Financial Instruments
 
Refer to Note 14 of the notes to the audited annual consolidated financial statements within our 2018 Annual Integrated Report and Note 9 and 14 of our unaudited interim condensed consolidated financial statements as at and for the six months ended June 30, 2019 for details on Financial Instruments. Refer to the Governance and Risk Management section of our 2018 Annual Integrated Report and Note 10 of our unaudited interim condensed consolidated financial statements for further details on our risks and how we manage them. Our risk management profile and practices have not changed materially from Dec. 31, 2018.


TRANSALTA CORPORATION M27



We may enter into commodity transactions involving non-standard features for which observable market data is not available. These are defined under IFRS as Level III financial instruments. Level III financial instruments are not traded in an active market and fair value is, therefore, developed using valuation models based upon internally developed assumptions or inputs. Our Level III fair values are determined using data such as unit availability, transmission congestion, or demand profiles. Fair values are validated on a quarterly basis by using reasonably possible alternative assumptions as inputs to valuation techniques, and any material differences are disclosed in the notes to the financial statements.

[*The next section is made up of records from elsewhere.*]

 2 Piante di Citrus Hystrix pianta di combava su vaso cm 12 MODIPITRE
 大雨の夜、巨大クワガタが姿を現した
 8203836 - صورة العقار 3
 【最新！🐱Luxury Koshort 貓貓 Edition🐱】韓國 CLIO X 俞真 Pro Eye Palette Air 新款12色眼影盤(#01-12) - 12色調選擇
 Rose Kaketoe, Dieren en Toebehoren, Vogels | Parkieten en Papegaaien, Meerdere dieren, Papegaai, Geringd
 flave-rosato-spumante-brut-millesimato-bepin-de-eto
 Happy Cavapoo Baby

As at June 30, 2019, total Level III financial instruments had a net asset carrying value of $656 million (Dec. 31, 2018 - $695 million net asset). The decrease during the period is primarily due to the settlement of contracts and changes in foreign exchange rates, partially offset by favourable market price changes for contracts designated as cash flow hedges for which changes in fair value are recognized in other comprehensive income.

2019 Financial Outlook

 The following table outlines our expectation on key financial targets for 2019:
Measure
Target
 
Comparable EBITDA
$875 million to $975 million
 
FCF
$270 million to $330 million
 
Dividend
$0.16 per share annualized, 14 to 17 per cent payout of FCF
 
 
 
Range of Key Assumptions
 
 
Market
Power Prices ($/MWh)
Alberta Spot
$50 to $60
Alberta Contracted
$50 to $55
Mid-C Spot (US$)
$20 to $25
Mid-C Contracted (US$)
$47 to $53
 
 
 
Other assumptions relevant to 2019 financial outlook
Sustaining capital
$140 million to $165 million (revised)(1)
 
Productivity capital
$10 million to $15 million
 
Sundance coal capacity factor
30%
 
Hydro/ Wind resource
Long term average
 
(1) The original 2019 outlook for sustaining capital spend included an additional $20 million to $25 million in expected spend on finance leases. On implementation of IFRS 16, we reclassified payments on finance leases out of sustaining capital and now show this spend as a separate line to calculate FCF and segmented cash flow. See the Accounting Changes section of this MD&A for further details.

Operations
Availability
Availability of our Canadian coal fleet is expected to be in the range of 87 to 89 per cent in 2019. Availability of our other generating assets (gas, renewables) is expected to be in the range of 90 to 96 per cent in 2019. We will be accelerating our transition to gas and renewables generation, and continue on our coal-to-gas conversion strategy as set out in the Strategic Growth and Corporate Transformation section of this MD&A.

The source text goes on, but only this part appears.